▶ **Directions for this task**
Begin with the line holding "Kitap Fuari Balikesire Imzasini Atti 1" and end with the last line of the records below. Set down exactly those lines and leave out every picture.

-------------------------

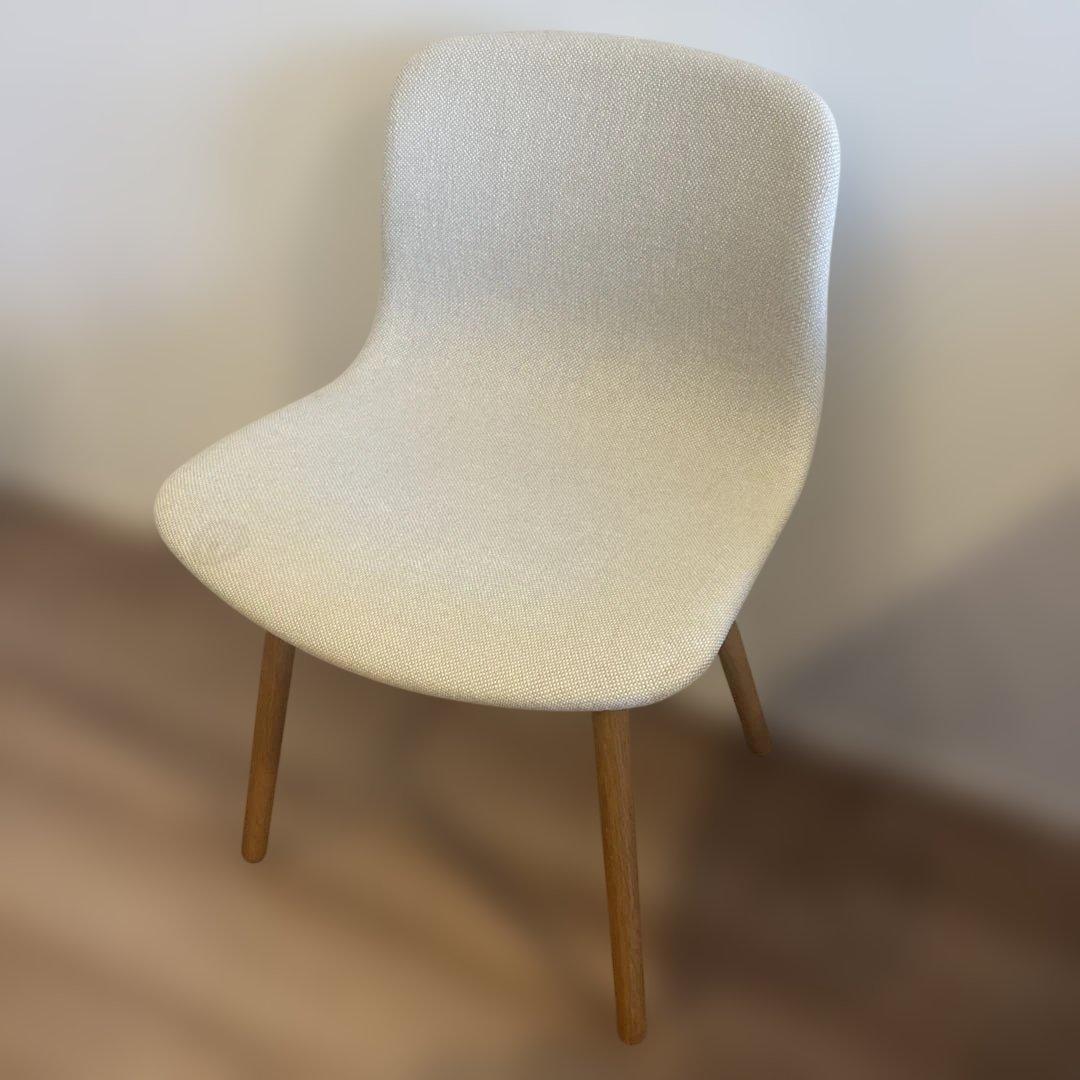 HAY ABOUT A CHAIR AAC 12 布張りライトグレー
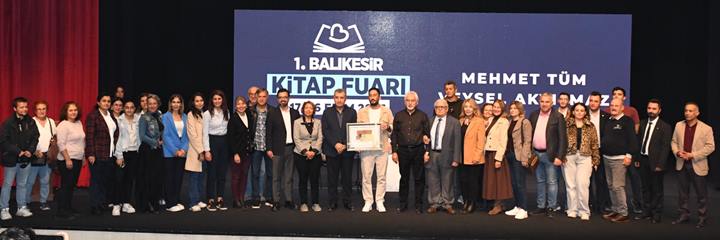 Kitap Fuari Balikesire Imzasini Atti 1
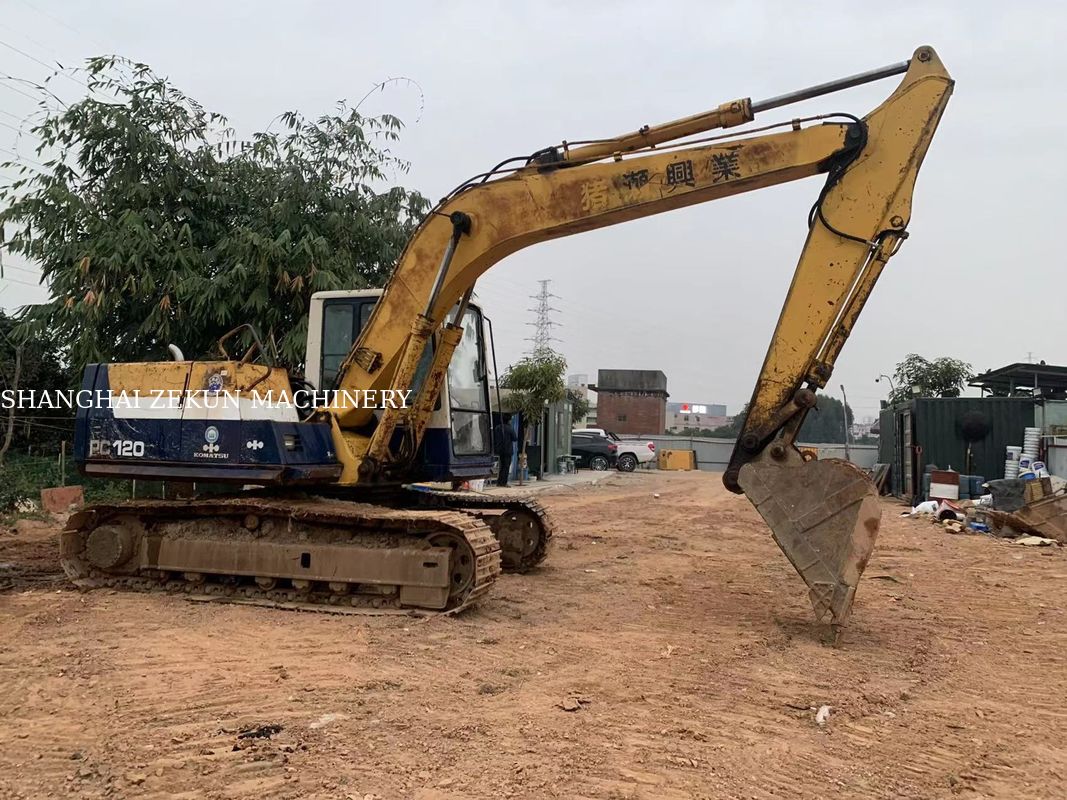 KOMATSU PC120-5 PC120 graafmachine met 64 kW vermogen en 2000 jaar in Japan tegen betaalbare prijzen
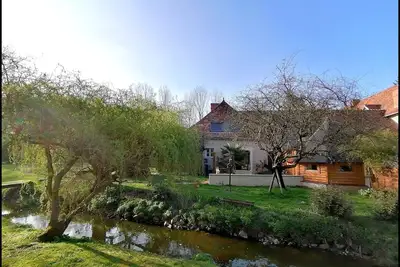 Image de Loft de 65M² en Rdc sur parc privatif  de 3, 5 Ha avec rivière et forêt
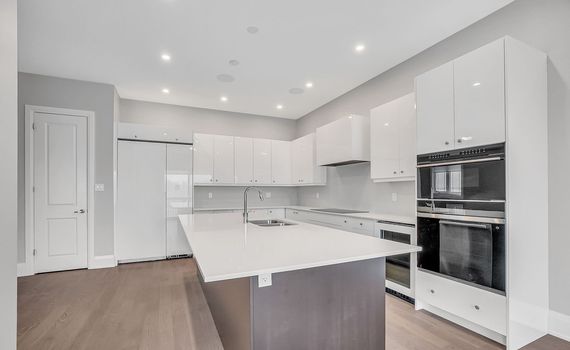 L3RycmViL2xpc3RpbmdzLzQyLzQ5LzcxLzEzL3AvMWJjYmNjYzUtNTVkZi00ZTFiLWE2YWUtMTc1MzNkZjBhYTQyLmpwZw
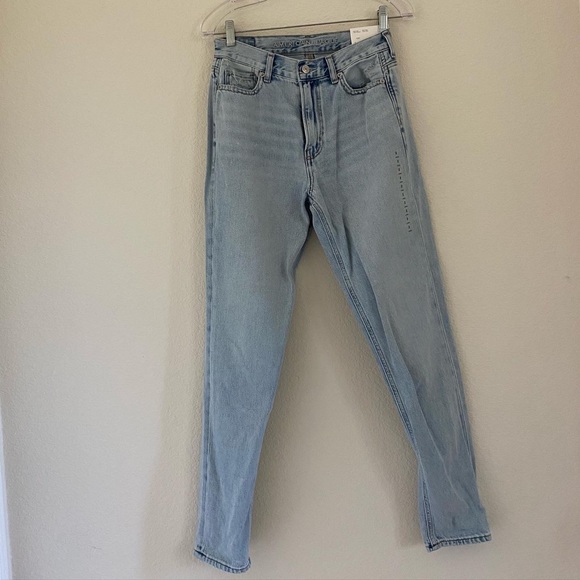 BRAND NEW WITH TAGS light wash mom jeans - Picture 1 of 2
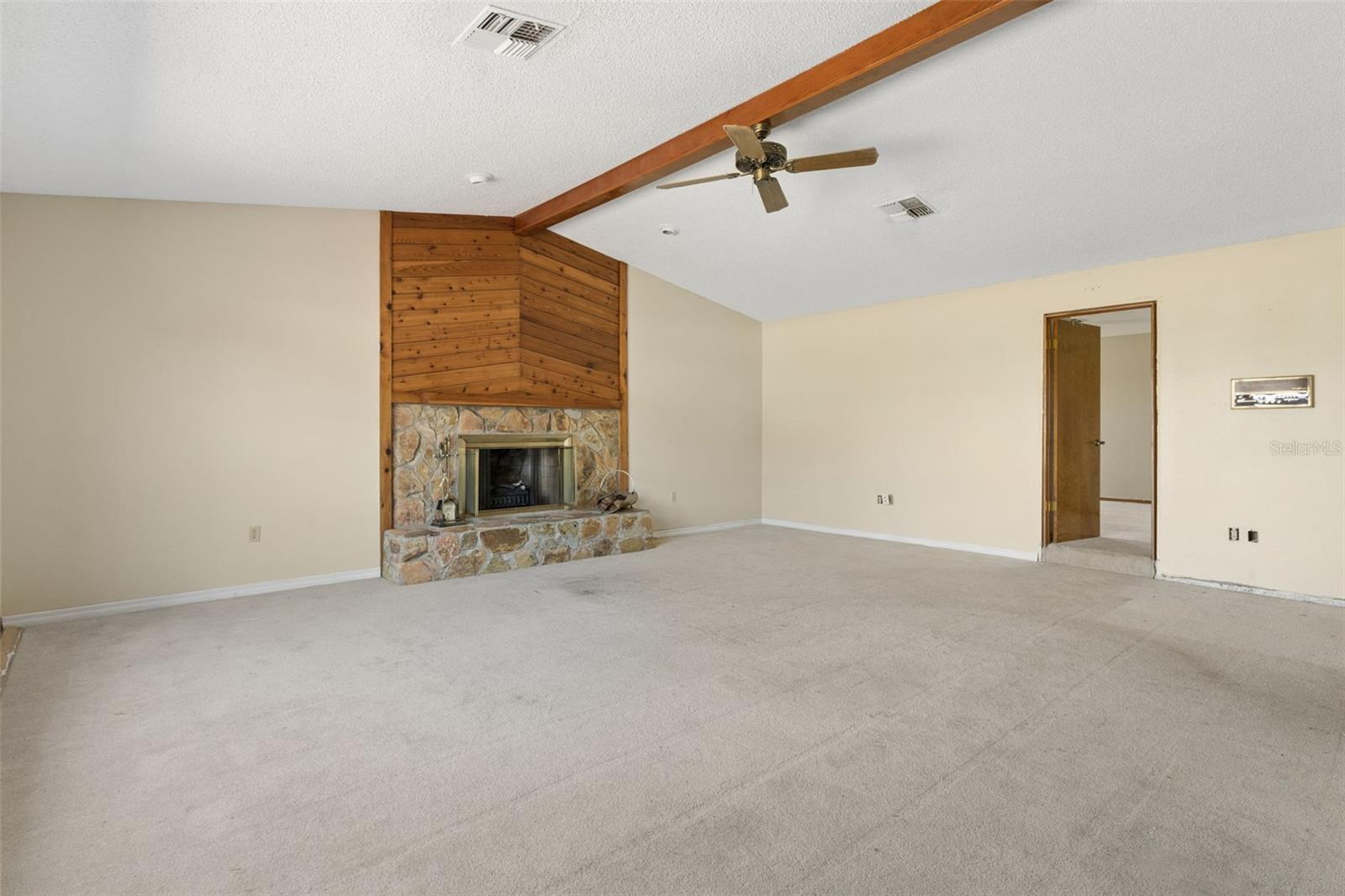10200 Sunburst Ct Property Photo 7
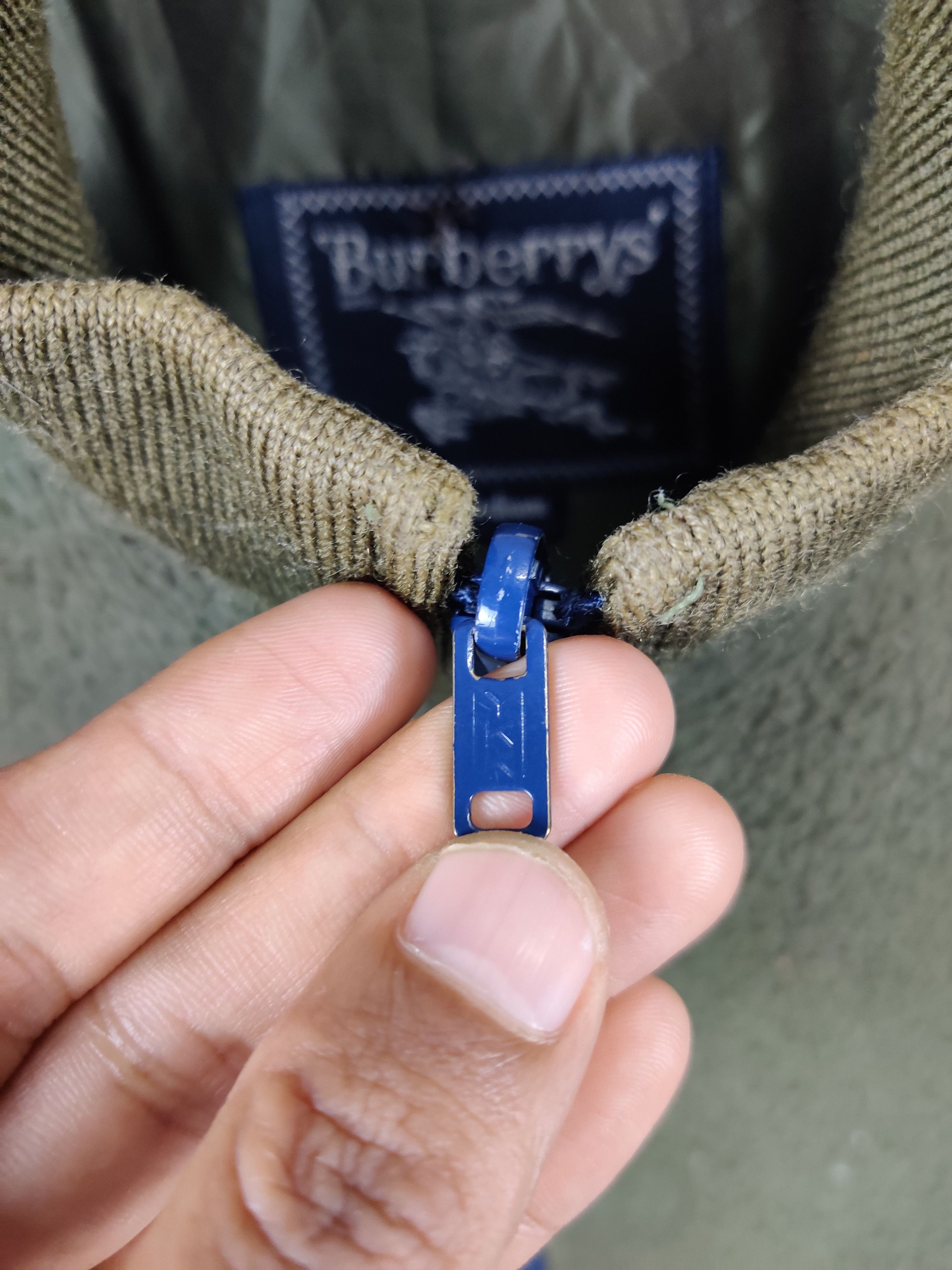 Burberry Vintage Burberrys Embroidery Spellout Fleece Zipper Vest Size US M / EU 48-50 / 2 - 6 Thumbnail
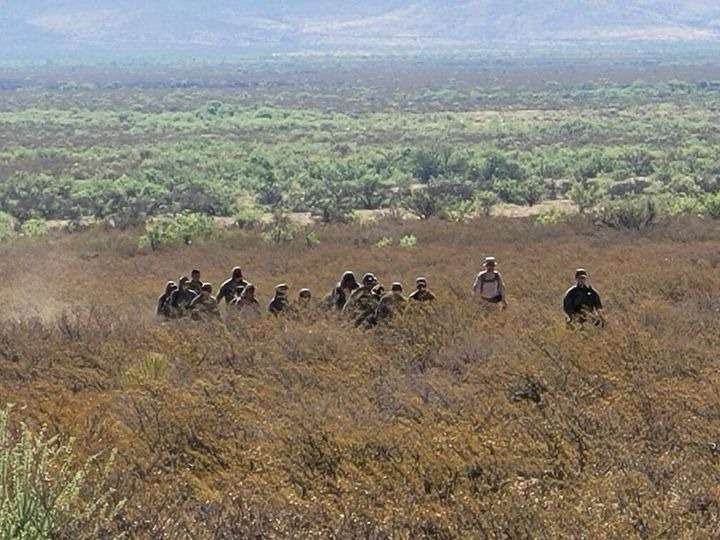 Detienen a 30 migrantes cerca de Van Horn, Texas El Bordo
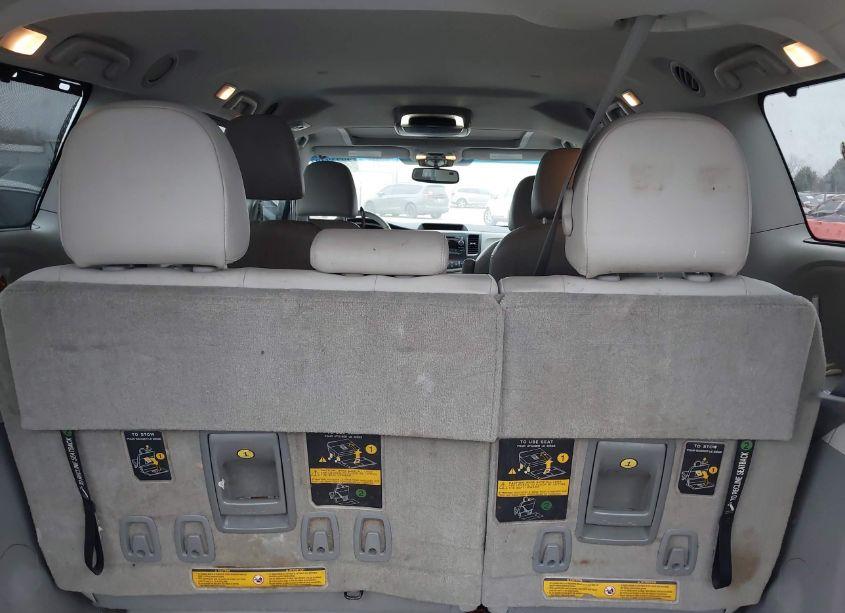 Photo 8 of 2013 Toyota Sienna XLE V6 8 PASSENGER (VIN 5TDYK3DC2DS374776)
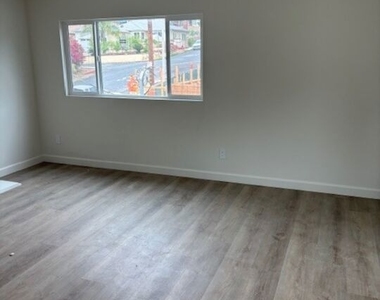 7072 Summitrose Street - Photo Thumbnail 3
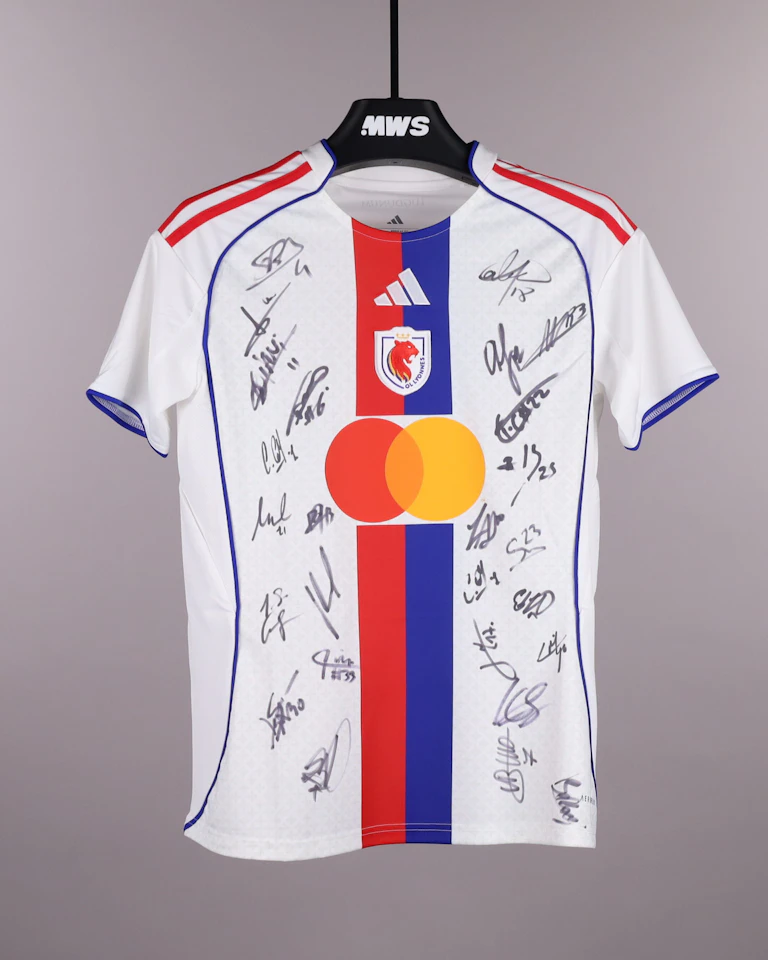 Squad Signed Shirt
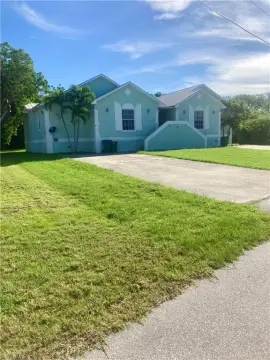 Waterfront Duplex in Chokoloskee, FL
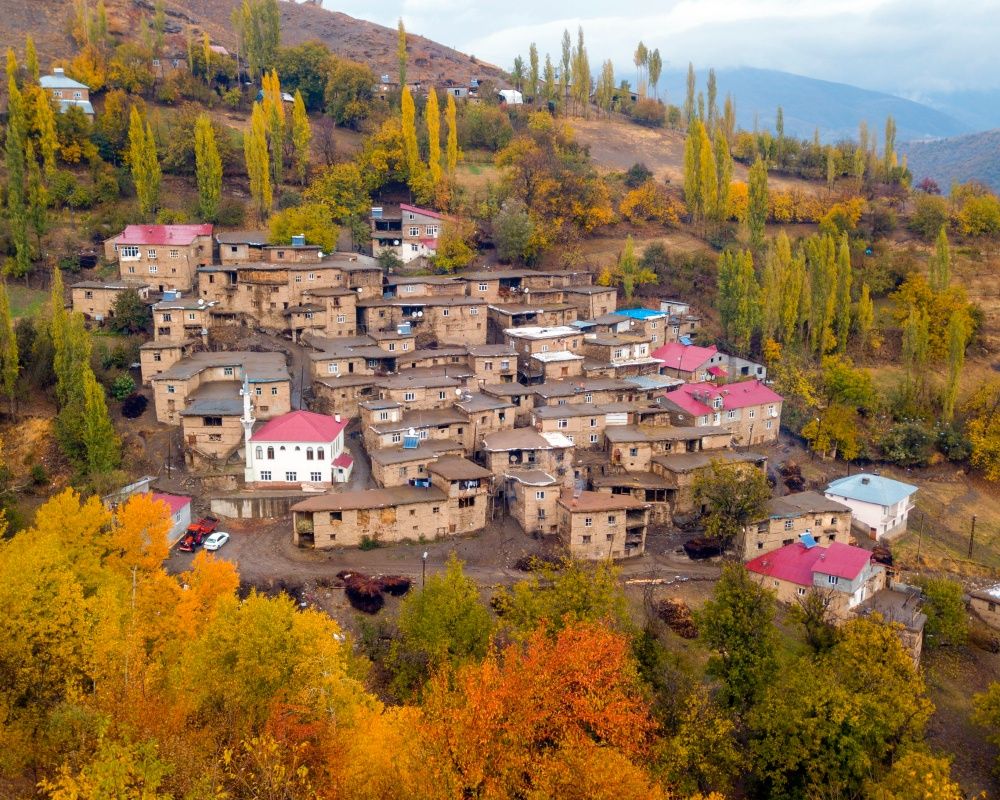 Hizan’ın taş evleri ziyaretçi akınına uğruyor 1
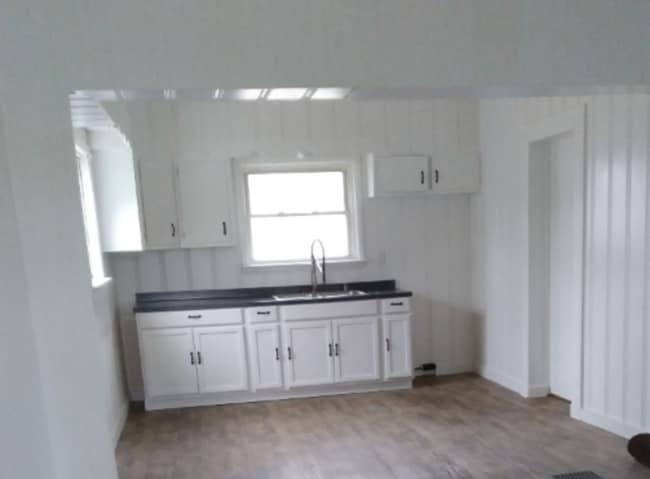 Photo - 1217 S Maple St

-------------------------

▶ **Solution to this task**
 Kitap Fuari Balikesire Imzasini Atti 1
 KOMATSU PC120-5 PC120 graafmachine met 64 kW vermogen en 2000 jaar in Japan tegen betaalbare prijzen
 Image de Loft de 65M² en Rdc sur parc privatif  de 3, 5 Ha avec rivière et forêt
 L3RycmViL2xpc3RpbmdzLzQyLzQ5LzcxLzEzL3AvMWJjYmNjYzUtNTVkZi00ZTFiLWE2YWUtMTc1MzNkZjBhYTQyLmpwZw
 BRAND NEW WITH TAGS light wash mom jeans - Picture 1 of 2
10200 Sunburst Ct Property Photo 7
 Burberry Vintage Burberrys Embroidery Spellout Fleece Zipper Vest Size US M / EU 48-50 / 2 - 6 Thumbnail
 Detienen a 30 migrantes cerca de Van Horn, Texas El Bordo
 Photo 8 of 2013 Toyota Sienna XLE V6 8 PASSENGER (VIN 5TDYK3DC2DS374776)
 7072 Summitrose Street - Photo Thumbnail 3
 Squad Signed Shirt
 Waterfront Duplex in Chokoloskee, FL
 Hizan’ın taş evleri ziyaretçi akınına uğruyor 1
 Photo - 1217 S Maple St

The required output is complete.